*Required work*
Line by line, the data below should be set down unchanged, with images excluded.

# # # # # # #

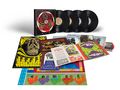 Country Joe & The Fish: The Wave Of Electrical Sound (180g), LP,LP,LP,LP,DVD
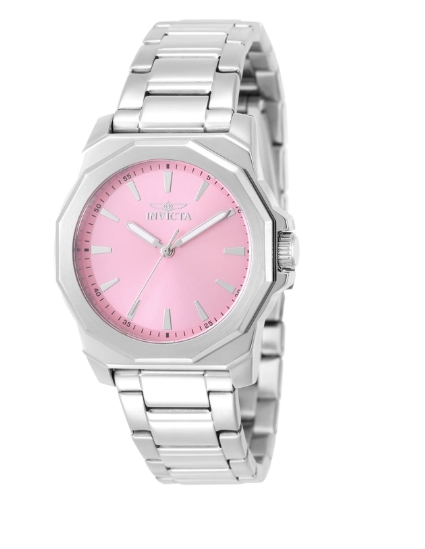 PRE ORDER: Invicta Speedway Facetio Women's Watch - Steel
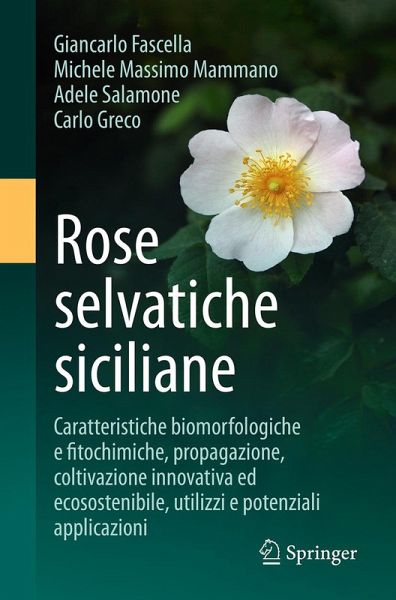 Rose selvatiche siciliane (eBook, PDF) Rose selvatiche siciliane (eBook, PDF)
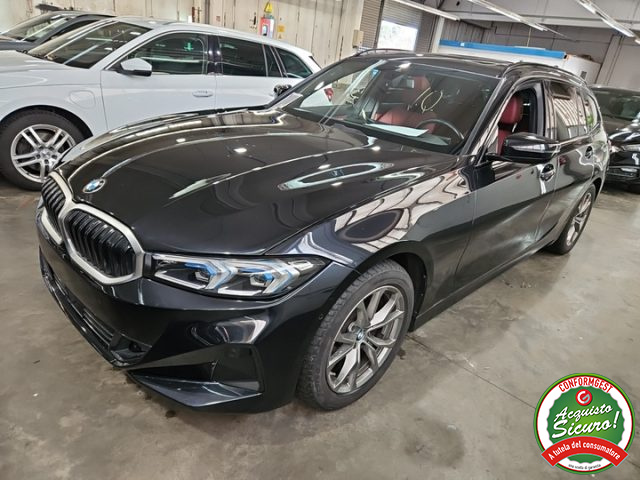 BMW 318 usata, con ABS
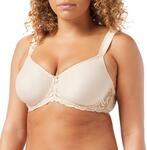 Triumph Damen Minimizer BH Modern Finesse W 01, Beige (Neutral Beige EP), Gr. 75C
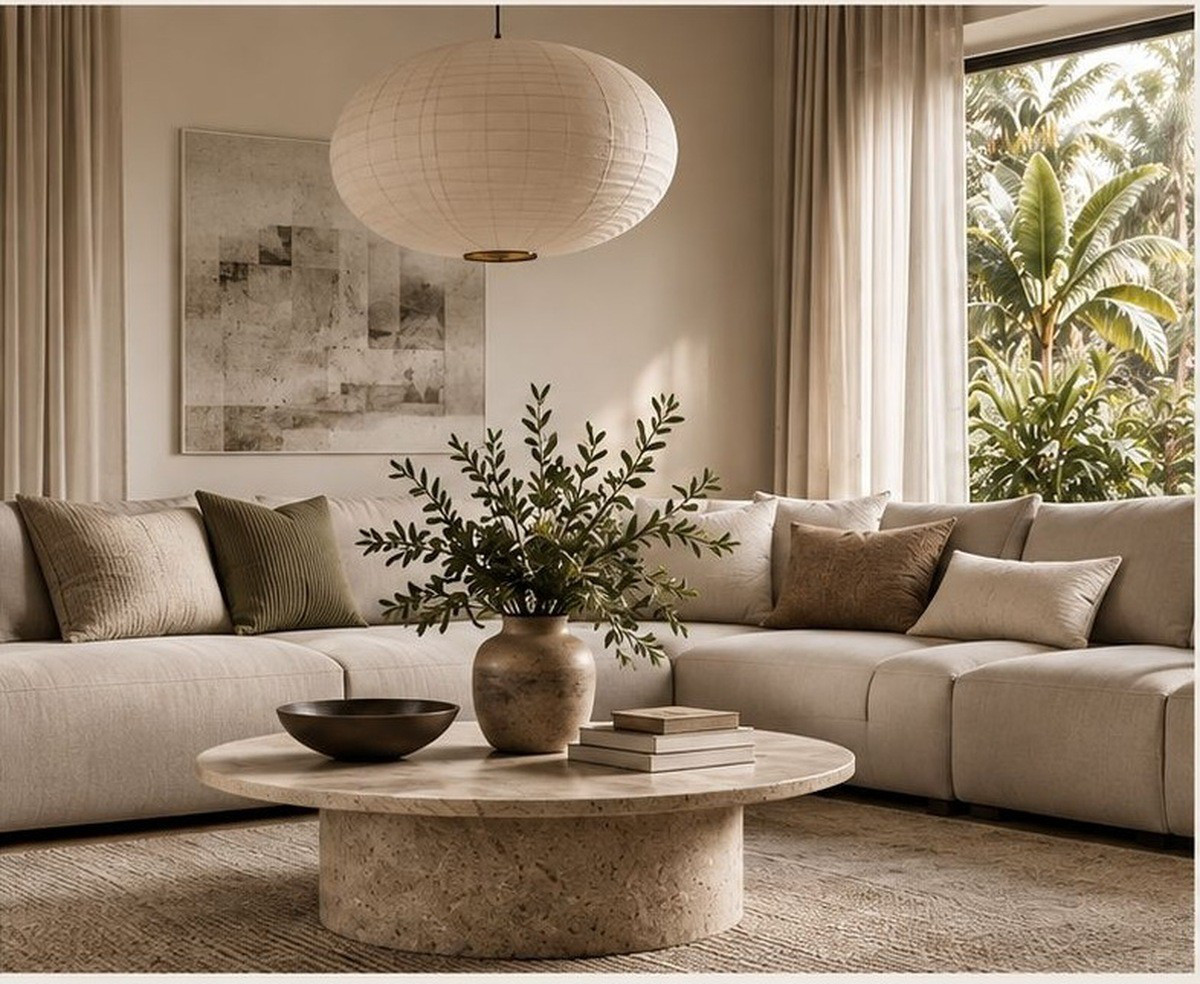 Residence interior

# # # # # # #

*Written response*
 Country Joe & The Fish: The Wave Of Electrical Sound (180g), LP,LP,LP,LP,DVD
 PRE ORDER: Invicta Speedway Facetio Women's Watch - Steel
 Rose selvatiche siciliane (eBook, PDF) Rose selvatiche siciliane (eBook, PDF)
 BMW 318 usata, con ABS
 Triumph Damen Minimizer BH Modern Finesse W 01, Beige (Neutral Beige EP), Gr. 75C
 Residence interior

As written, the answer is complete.